**What is required**. Retype the material that follows exactly, limited to the lines from the one with "Multifunctional Rotating Desk" through the one with "Red Brawn /", and keep out all pictures.

**Exercise materials**.
::::

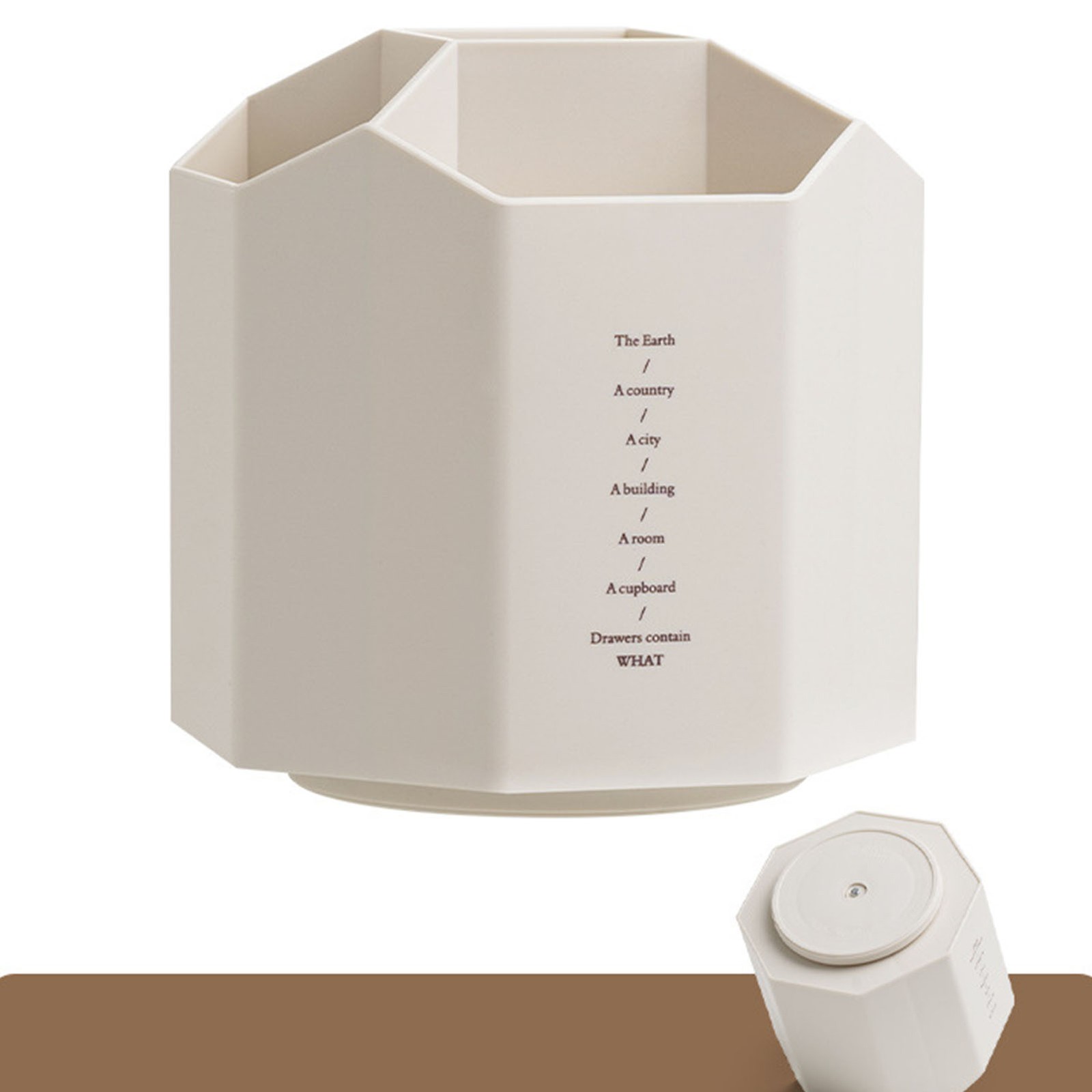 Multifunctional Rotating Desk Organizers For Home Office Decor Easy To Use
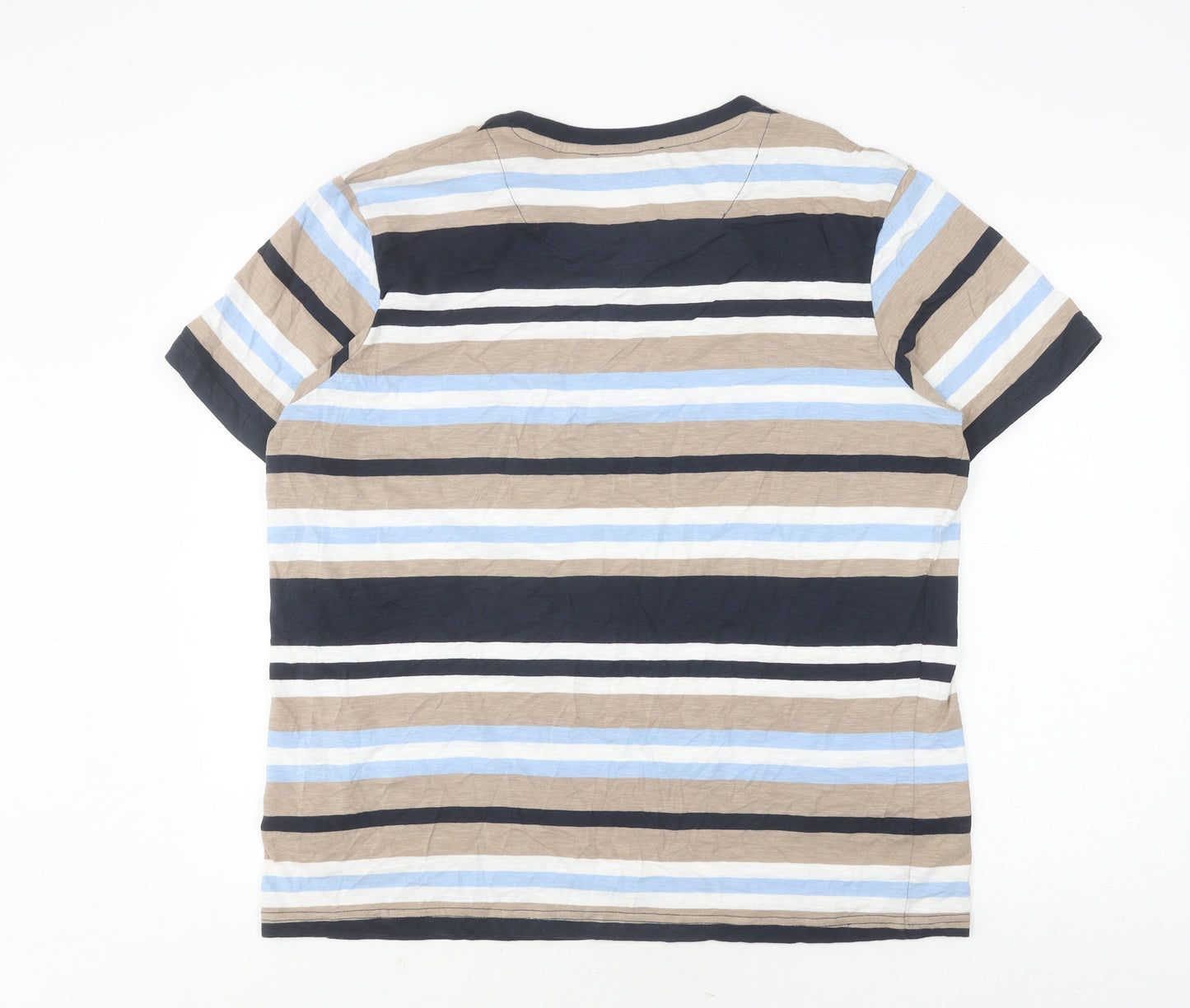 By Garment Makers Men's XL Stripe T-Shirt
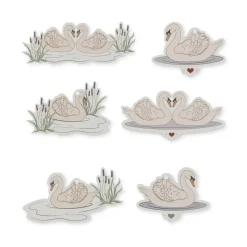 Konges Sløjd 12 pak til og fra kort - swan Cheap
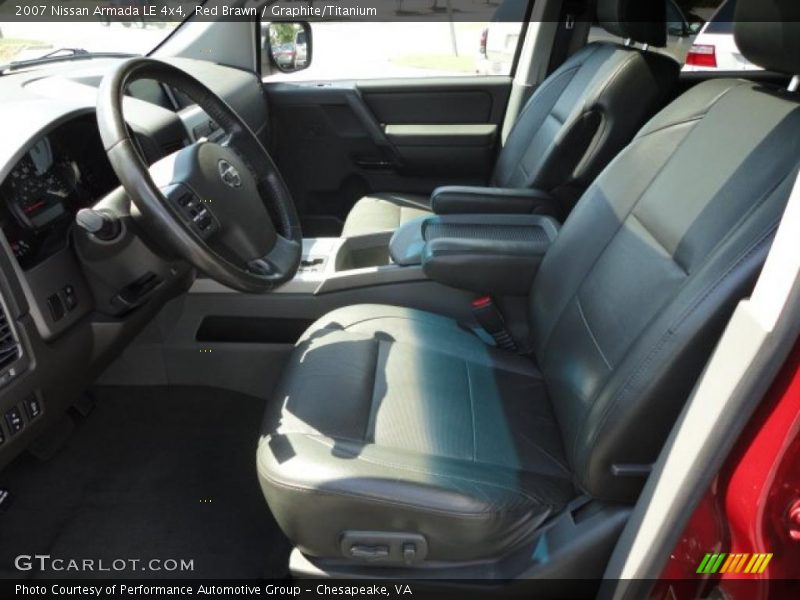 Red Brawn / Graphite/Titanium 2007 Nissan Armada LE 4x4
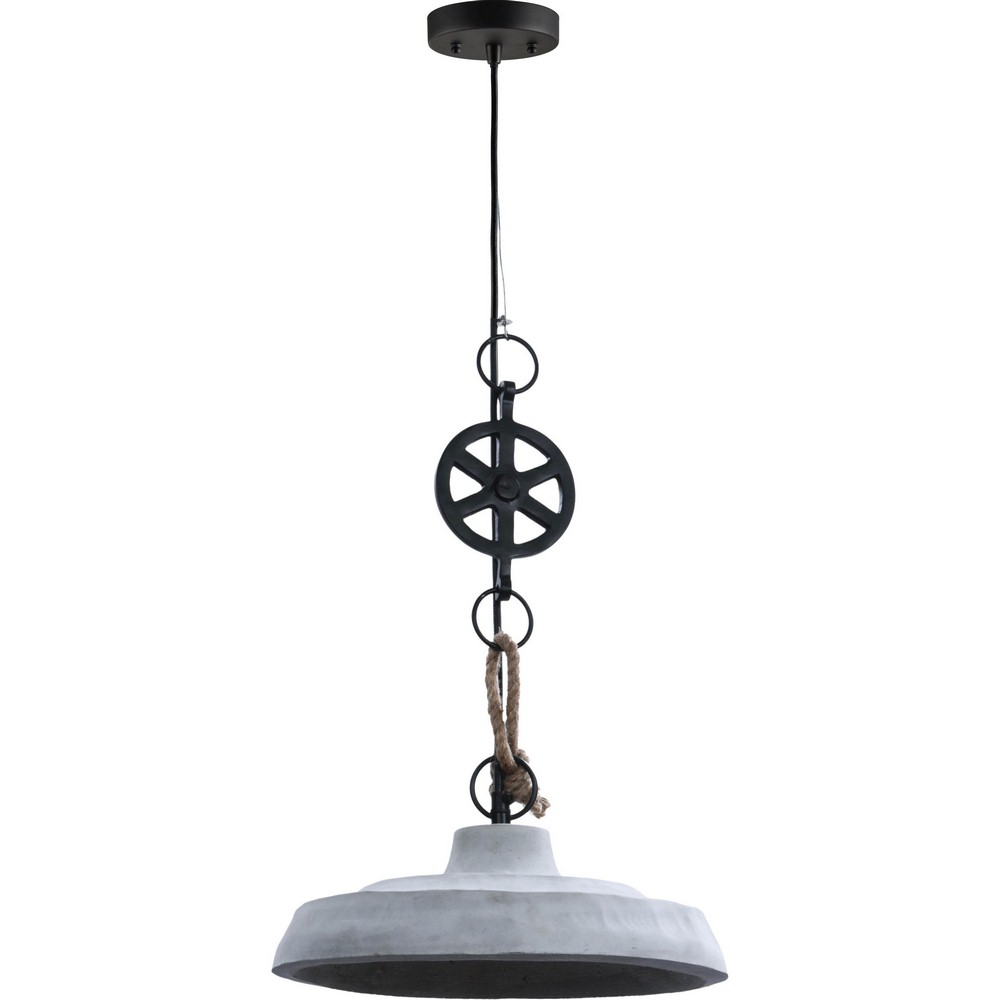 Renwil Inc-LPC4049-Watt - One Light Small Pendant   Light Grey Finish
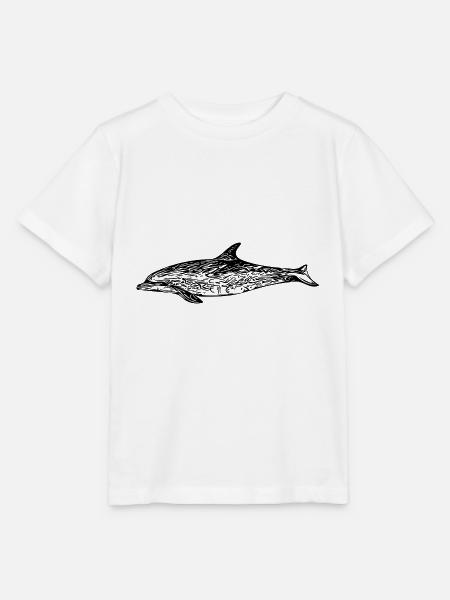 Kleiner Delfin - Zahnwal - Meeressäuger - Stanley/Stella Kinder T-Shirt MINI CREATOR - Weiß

::::

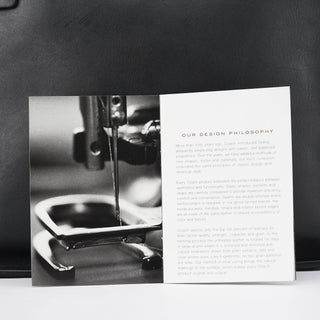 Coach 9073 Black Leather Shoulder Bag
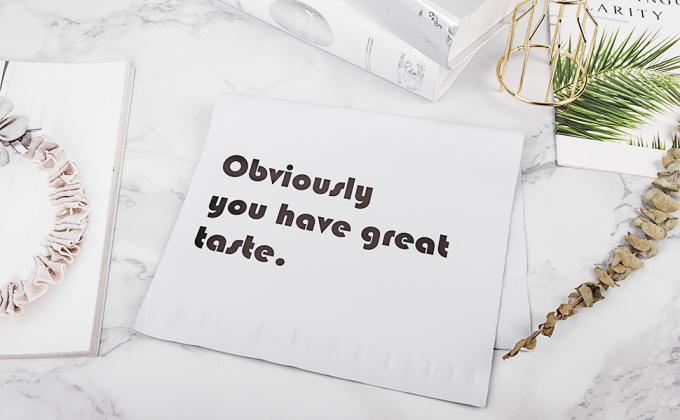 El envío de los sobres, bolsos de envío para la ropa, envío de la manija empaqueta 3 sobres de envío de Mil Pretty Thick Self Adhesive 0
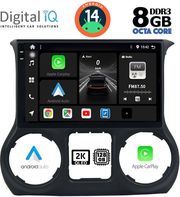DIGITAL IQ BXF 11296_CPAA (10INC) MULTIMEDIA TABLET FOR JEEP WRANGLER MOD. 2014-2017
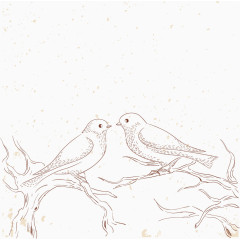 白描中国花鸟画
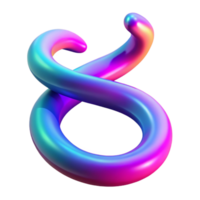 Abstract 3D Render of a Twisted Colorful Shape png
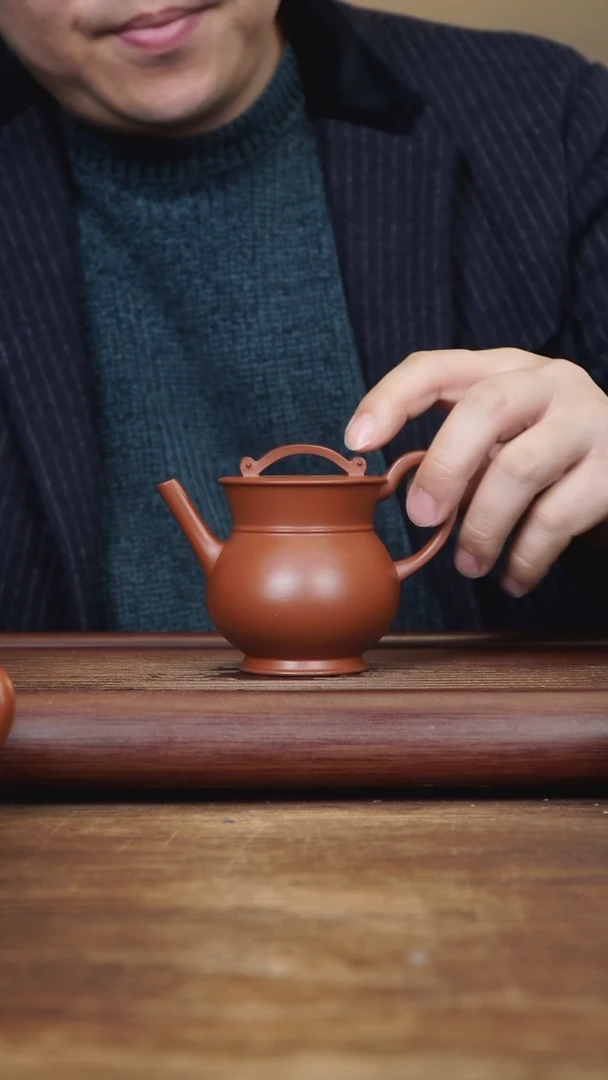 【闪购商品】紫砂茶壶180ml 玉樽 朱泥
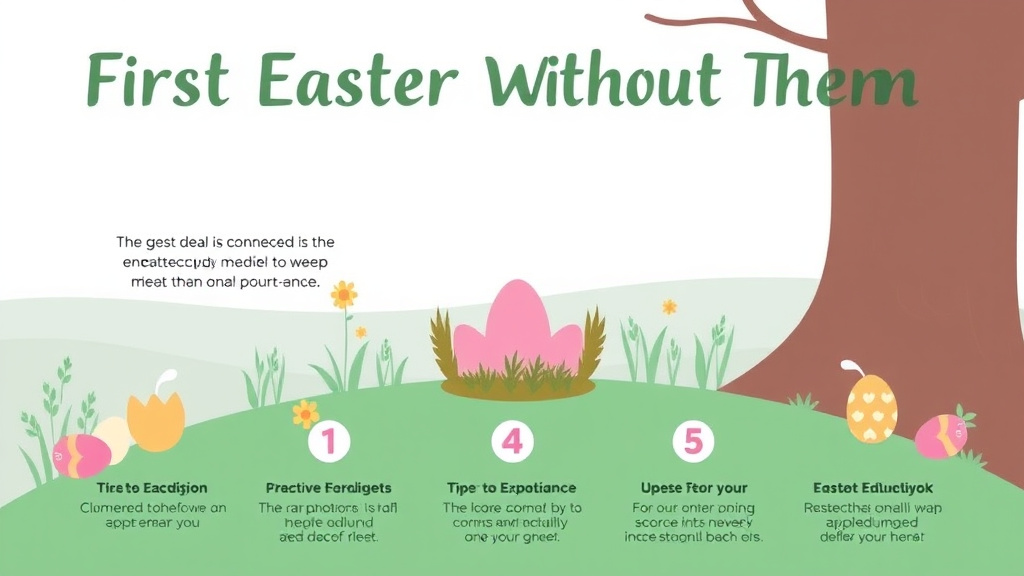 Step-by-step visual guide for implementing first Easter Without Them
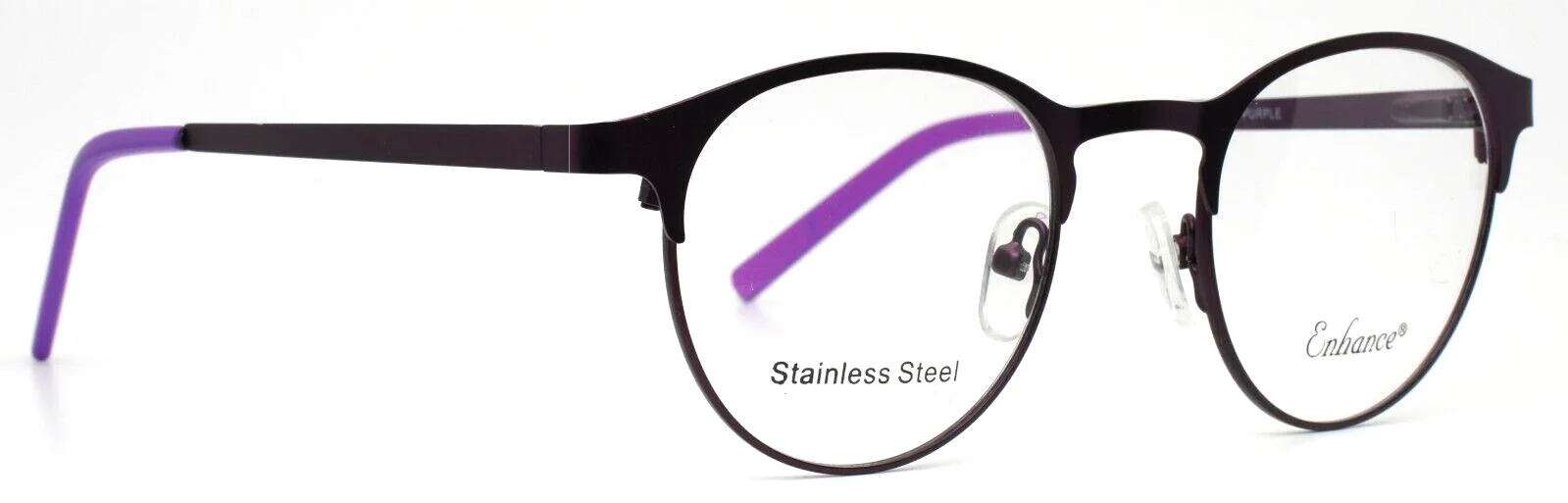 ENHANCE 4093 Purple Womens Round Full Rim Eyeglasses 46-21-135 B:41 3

::::

**Exercise solution**.
 Multifunctional Rotating Desk Organizers For Home Office Decor Easy To Use
 By Garment Makers Men's XL Stripe T-Shirt
 Konges Sløjd 12 pak til og fra kort - swan Cheap
 Red Brawn / Graphite/Titanium 2007 Nissan Armada LE 4x4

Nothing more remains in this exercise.